José si perde un attimo, torna con la mente a quei momenti, che si sommano alle esperienze passate. Poi riprende: “Come vigile del fuoco dovrei essere, in un certo senso, abituato ad affrontare certe situazioni, ma quel che ho provato alla vista di tanta tragedia non mi abbandona. Così come non dimentico mai la paura, che serve a far aumentare l’attenzione mentre si affronta un’operazione, ma che non si trasforma mai in panico o nella perdita del controllo rispetto a quello che dobbiamo fare”.
La sfida è arginare la dimensione emotiva con quella più propriamente professionale: “L'intervento, comunque, deve sempre mantenere una dimensione di altissima professionalità, perché si sta attivando un processo di identificazione e noi dobbiamo sempre mantenere alto l'obiettivo da raggiungere: il recupero delle salme. Ma, allo stesso tempo, è impossibile prescindere da un senso di profonda umanità. Davanti ai nostri occhi giacevano senza vita migliaia di persone avventuratesi in un viaggio incredibile, dopo aver lasciato la propria casa, le proprie radici, tutto il loro passato”.
Dalla voce spezzata di José non è difficile intuire quanto sia stato alto il carico emotivo di questa operazione. Come coordinatore della Fp vigili del fuoco siciliana, ha lavorato molto e ha negoziato ogni minimo aspetto dell’iniziativa di recupero, affinché al personale impegnato nell’Operazione Augusta 2016 fosse garantita, oltre alla sicurezza fisica e tecnica, anche e soprattutto un costante supporto psicologico, prima, durante e dopo l’intervento, da parte di altri vigili del fuoco specializzati proprio in questo specifico ambito: “Si chiama supporto dei pari”, puntualizza José.
“È stata un’esperienza unica, che non dimenticherò mai più – prosegue –. Me la porterò dentro e rimarrà impressa nella mia memoria, nel profondo.

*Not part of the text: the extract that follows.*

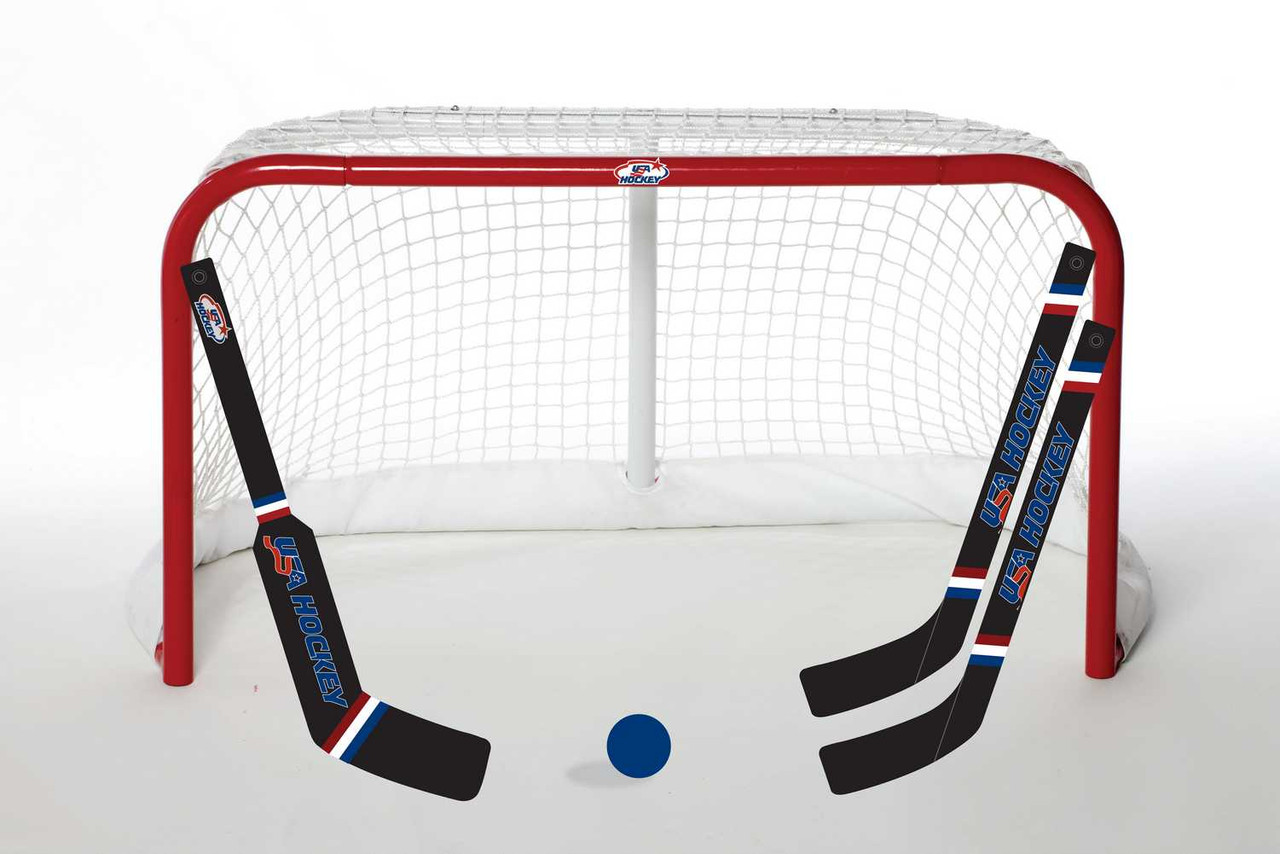 USA Hockey Pro Form Mini Knee Net Set 2 Sticks, Goalie Stick, Foam Ball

Vedere tutti quei bambini, tutte quelle donne con ancora il fazzoletto in testa. Tutti quegli uomini stipati nella sala macchine. Una barca di 22 metri con 900 persone a bordo. Hai idea di cosa significhi? Hai idea di come si siano potuti sentire quando hanno capito che stavano affondando? Una situazione del genere tira fuori veramente quell’istinto di sopravvivenza che noi, nella nostra comoda quotidianità, non sappiamo neanche più cosa sia. Si sono ritrovati letteralmente come dei topi in gabbia”.
È certo. José non dimenticherà più quello che ha visto in quel relitto. “Tutti – conclude – una volta nella vita dovrebbero dare anche solo un’occhiatina, non a quello che facciamo noi vigili del fuoco, ma a quello che succede a queste persone”. Un sospiro si intromette tra i tanti pensieri e le tante sensazioni che vorrebbe comunicare. “Il mondo sarebbe diverso, molto diverso. Ognuno di noi ha un cuore che batte, e loro sono persone come me e te. Hanno solo avuto la sfortuna di nascere in un posto da cui sono stati costretti a fuggire”.